What are corticosteroids?

Corticosteroids are hormones that are produced in the human body by the adrenal glands (these are very different from the anabolic steroids used by athletes, so don’t get your hopes up for next year’s World Series). When prescribed as a medication, these hormones have a number of physiologic effects on different organ systems, but they’re most widely used for their anti-inflammatory actions.

For example, in MS, corticosteroid medications help reduce the inflammation that occurs during a relapse so that the relapse comes to an end more quickly. A study is currently under way to determine if these meds also have some long-term benefit on the progression of the disease, but earlier studies haven’t demonstrated any long-term benefit.

Some corticosteroid medications, such as prednisone, are generally given orally. Others, such as Solu-Medrol (methylprednisolone) and Decadron (dexamethasone) are given by intravenous infusion. Most MS specialists recommend a three- to five-day course of high-dose intravenous (IV) steroids as the treatment of choice for severe MS attacks because this regimen seems to provide maximum benefit with the fewest side effects.

These days, doctors most often give this treatment on an outpatient basis. Your doctor may also prescribe what’s called a steroid taper — a gradually decreasing dose of oral steroids over a one- to two-week period — to prolong the benefit of the medication while easing you off it more slowly.

As an alternative to IV steroids, a short course of high-dose oral steroids may also be appropriate. Your neurologist will work with you to figure out the best option for your particular circumstances.

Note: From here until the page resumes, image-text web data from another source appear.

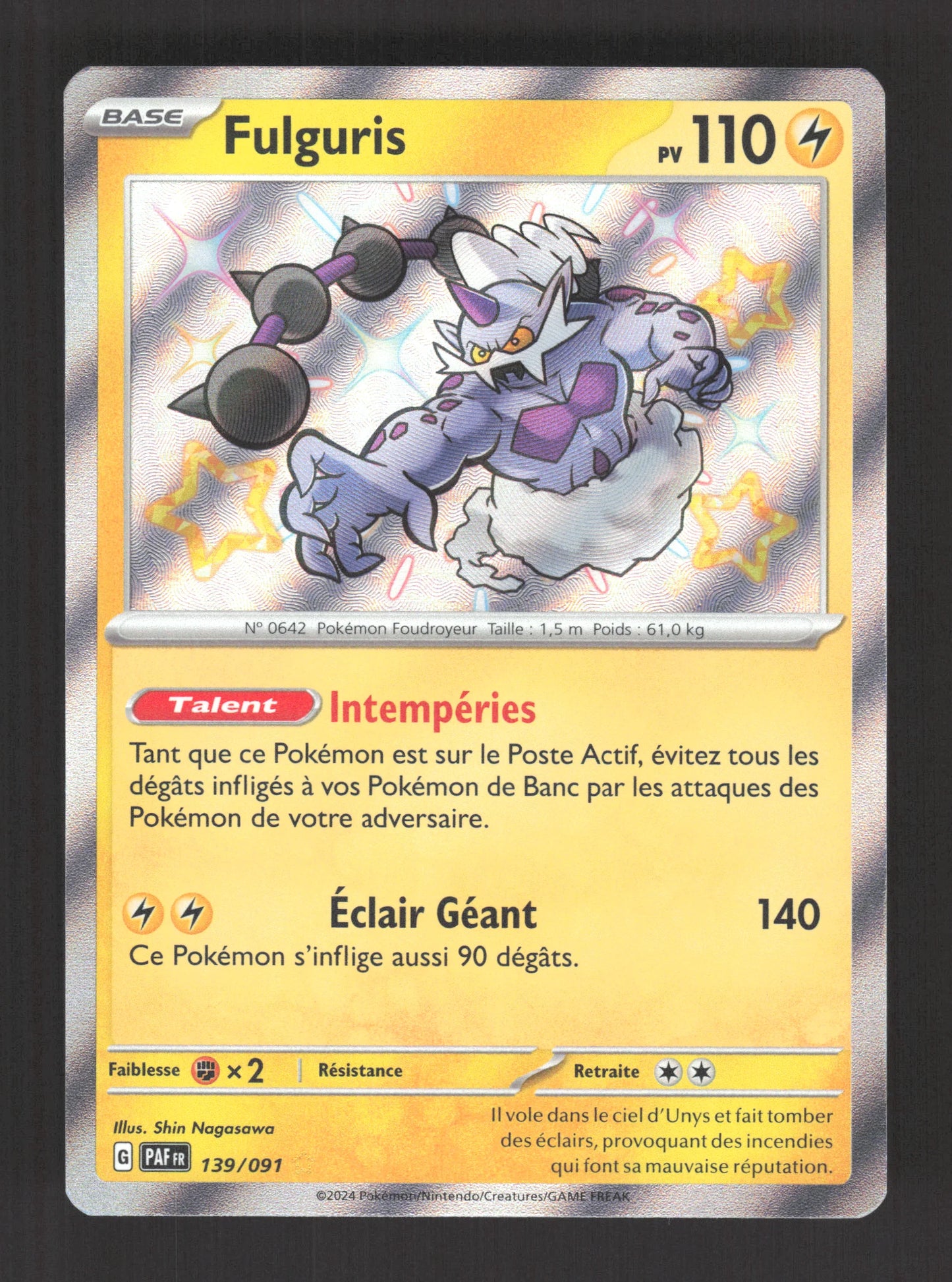 139/091 Fulguris SHINY - Destinées de Paldea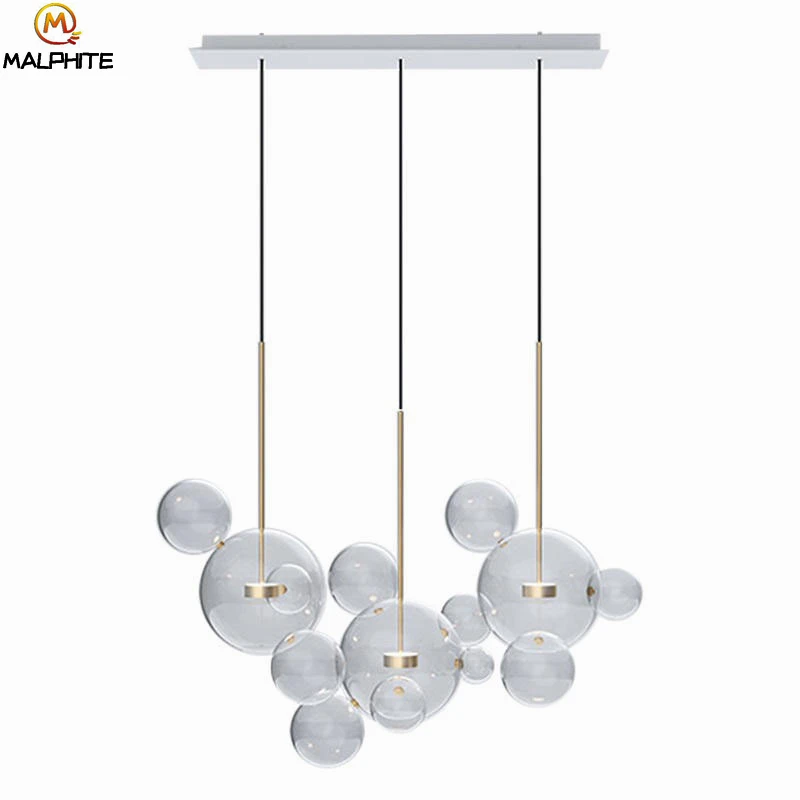 

Modern Simplicity Pendant Lights Nordic Bubble Ball Led Hanging Pendant Lamp Luminaire Living Room Restaurant Lighting Fixtures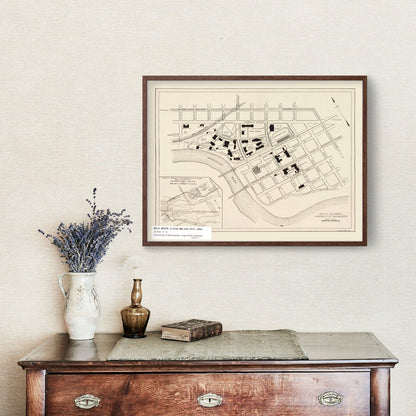 Vintage University of Minnesota Map 1913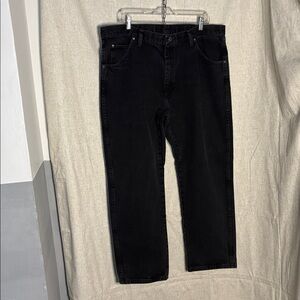 Wrangler Men's Black Jeans, 40x30 Regular Fit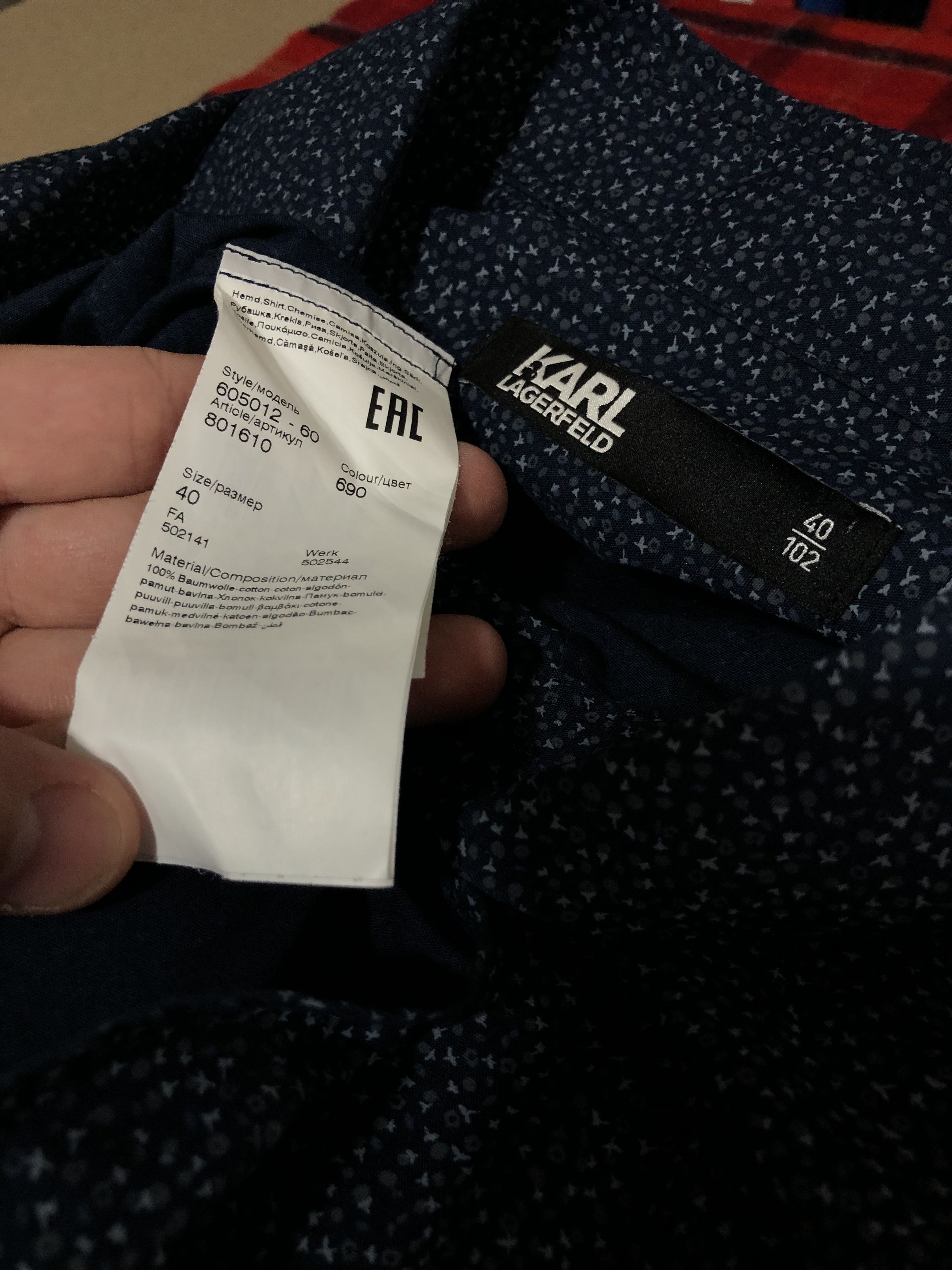 Karl Lagerfeld Karl Lagerfeld Shirt Ornament Navy size 40 (M) Size US M / EU 48-50 / 2 - 9 Thumbnail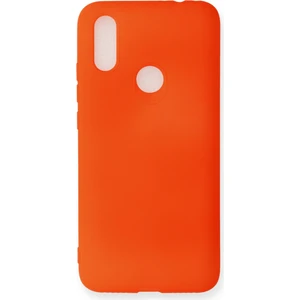Xiaomi Redmi Note 7 Kılıf Yumuşak Silikon Kılıf - Turuncu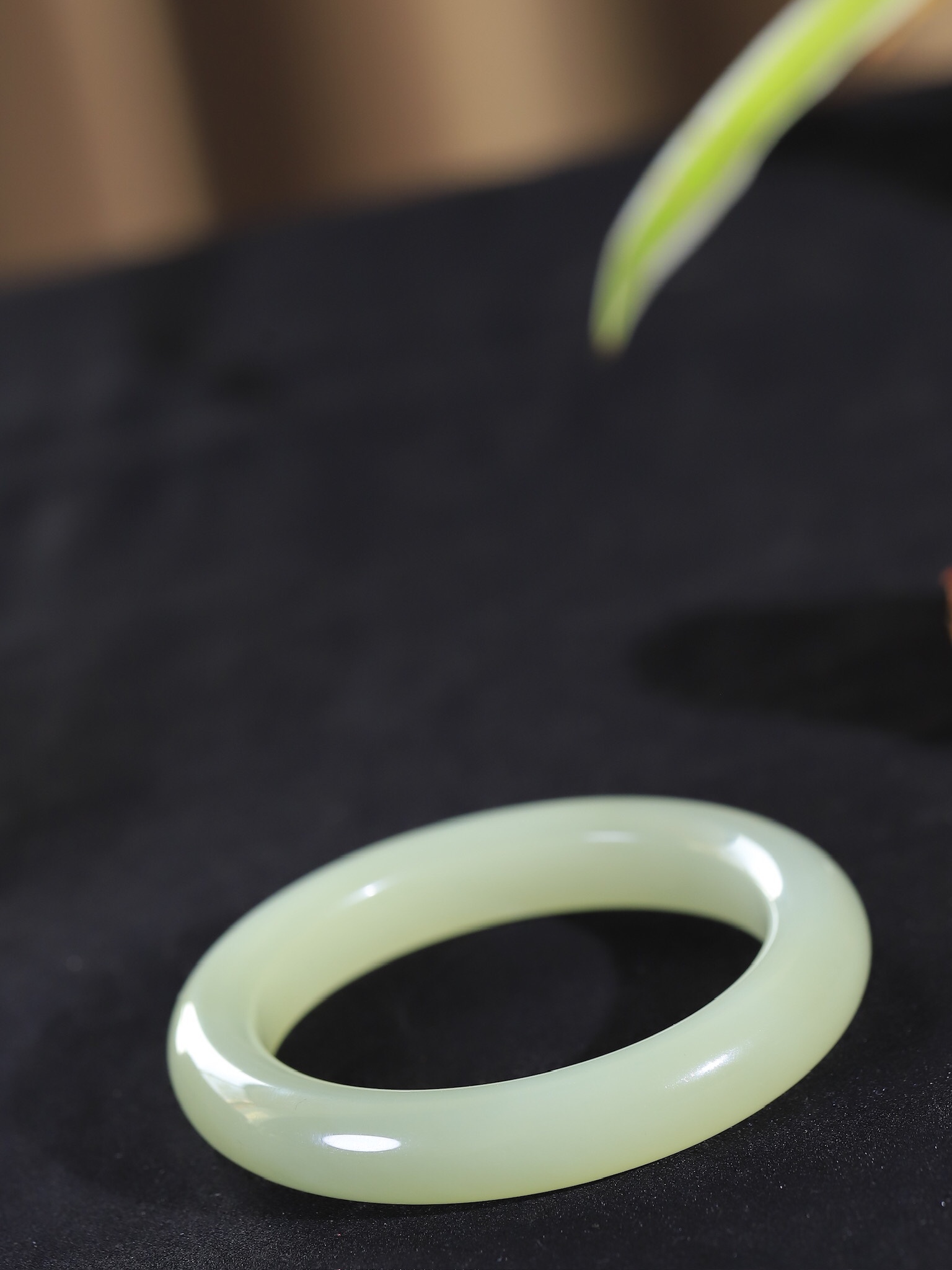 11619 56.5mm和田玉晴水手鐲 (56-58)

What to expect from MS corticosteroids treatments

The physician’s goal in prescribing corticosteroids is to help you get back on track more quickly — especially if your relapse is interfering with your daily activities. In other words, the corticosteroids jump-start your recovery from the attack. But they don’t impact the course of your MS over the long haul.

While most people do well with these medications, it’s difficult to predict exactly what your response will be. You may, for example, feel dramatically better within a couple of days — so good and energized, in fact, that you wish you could stay on corticosteroids forever (one woman commented that her closets are always at their cleanest when she’s on corticosteroids).

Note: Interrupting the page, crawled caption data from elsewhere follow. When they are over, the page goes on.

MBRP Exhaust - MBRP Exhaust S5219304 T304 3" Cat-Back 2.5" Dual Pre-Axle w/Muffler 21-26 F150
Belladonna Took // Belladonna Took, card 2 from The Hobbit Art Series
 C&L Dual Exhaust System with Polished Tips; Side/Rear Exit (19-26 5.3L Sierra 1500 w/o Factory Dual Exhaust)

Or you may experience little relief from your symptoms, in which case you and your doctor will focus on managing your symptoms and wait for the relapse to resolve itself. Or if the relapse is particularly severe, your neurologist may recommend another treatment strategy.

You may find corticosteroids easy to tolerate, and you may enjoy the energy boost, or you may find yourself struggling with some pretty intense irritability or mood swings ranging from “high” and energized during the treatment to down and depressed as you come off the medication.

Be aware of the range of possible corticosteroid reactions because they can all happen to anyone at one time or another. In other words, responding positively to corticosteroids during one relapse doesn’t necessarily mean that you’ll respond positively the next time, and having one negative experience doesn’t mean they’ll all be negative.

Side effects of MS corticosteroid treatment

Although most people tolerate treatment well, corticosteroids can produce a variety of side effects — both immediate and long term — and it’s because of these side effects that doctors recommend the short three- to five-day course.

The immediate side effects can include stomach irritation, elevation of blood sugar, water retention/weight gain, restlessness, difficulty sleeping (which is why the closets get cleaned), and mood swings. Chances are that you won’t run into any problems, but your doctor can prescribe medication to help you sleep or to minimize stomach irritation if necessary.

Corticosteroids should not be used on a continuous basis because they can cause serious and debilitating problems such as stomach ulcers, hypertension, cataracts, and osteoporosis (thinning of the bones).